Chi scrive è cresciuto respirando miscela e ascoltando il canto acuto dei due tempi. Ama i V6, i V10, i V12, e ancora oggi si emoziona con un cambio a leva più che con qualsiasi paddle al volante. Per non parlare poi dell'ipocrisia che riguarda elettrificazioni di massa e la parola "sostenibilità" abusata e snaturata per specularci su. Ma qui non si tratta di nostalgia o di scegliere da che parte stare.
Si tratta di guardare al motorsport elettrico con onestà intellettuale, senza scivolare nei soliti cliché da puristi della domenica. Proviamo allora a smontare, con calma, due dei luoghi comuni più abusati.
“Una vera auto da corsa DEVE fare rumore”
Che il rombo di un motore termico faccia venire la pelle d’oca, non si discute. Ma davvero pensiamo che il fascino delle corse sia tutto lì? Il motorsport è fatto di uomini, idee, soluzioni tecniche rivoluzionarie. È storia, innovazione, rischio calcolato. La Formula E, pur con i suoi limiti, è oggi una delle arene più stimolanti per i costruttori: tecnologia avanzata, sfida tra giganti industriali, sperimentazione ad alto impatto.
Che poi, diciamocelo: se fosse solo questione di decibel, dovremmo tutti seguire le gare di dragster della NHRA. E invece no. Con tutto il rispetto, c’è di più.
“Sembrano auto telecomandate”
Sì, le Formula E sono meno potenti delle Formula 1. Ma il confronto non regge: sono categorie con finalità diverse.

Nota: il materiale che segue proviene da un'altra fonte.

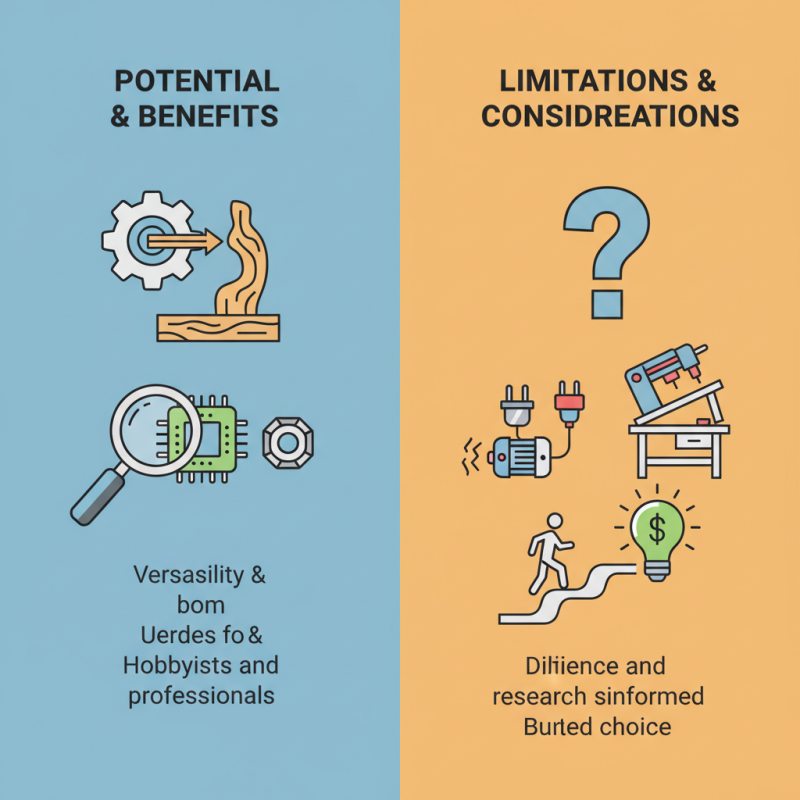 Best Bench Top Milling Machine Reviews and Buying Guide?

La Formula E non nasce per battere record di velocità pura, ma per testare e sviluppare tecnologie legate all’efficienza, alla gestione energetica, al recupero. Un laboratorio mobile per una delle tecnologie di mobilità del futuro.
E no, non è vero che “non c’è guida”. Chiunque abbia provato a spingere 300 cavalli su un tracciato cittadino stretto e scivoloso sa che serve talento, controllo e una bella dose di pelo. Paragonarle a delle macchinine radiocomandate è offensivo per chi corre, e riduttivo per chi ascolta.

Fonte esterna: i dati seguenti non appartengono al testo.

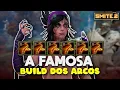 Download Lagu THIS BUILD WORKING IS A PURE SCAM! MORRIGAN FULL ARCO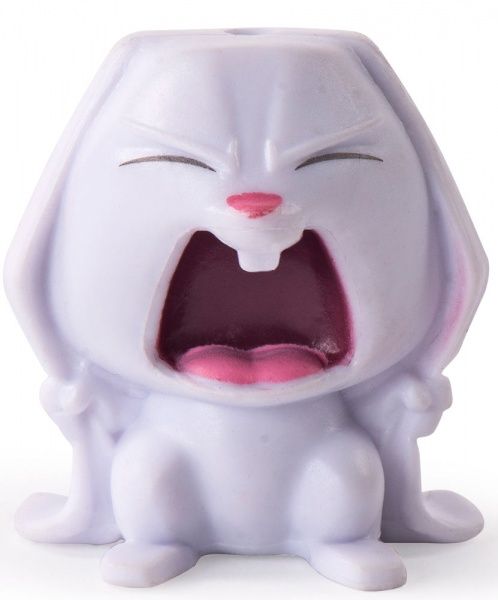 Фігурка колекційна Spin Master Таємне життя домашніх тварин, в асортименті 6027218 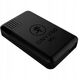 Mackie OnyxGO Mic – Mikrofon Bluetooth do smartfona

Il vero problema? Il confronto non esiste. Potremmo usare queste differenze per avviare un dialogo intelligente: motorsport termico ed elettrico non sono nemici, sono semplicemente espressioni diverse di un'evoluzione tecnologica. E invece preferiamo chiuderci nel nostro recinto, difendendo i gusti personali come fossero verità assolute.
Ma questa attitudine – quella di gridare “questo è meglio!” senza ascoltare il resto – dove ci ha portato finora? Quali progressi nascono dal rifiuto sistematico dell’altro punto di vista?
A voi la riflessione.
In sintesi: non si chiede a tutti di amare la Formula E o qualche altra foma di motorsport elettrico. Si chiede, semmai, di parlarne con un minimo di cognizione. Di non farsi bloccare da impressioni superficiali. Di provare a vedere l’insieme.
Perché anche se non ha il rombo di un V10, pure la Formula E – e tutto ciò che rappresenta – ha qualcosa da dire. Sta a noi decidere se ascoltare… o continuare a sembrare scemi.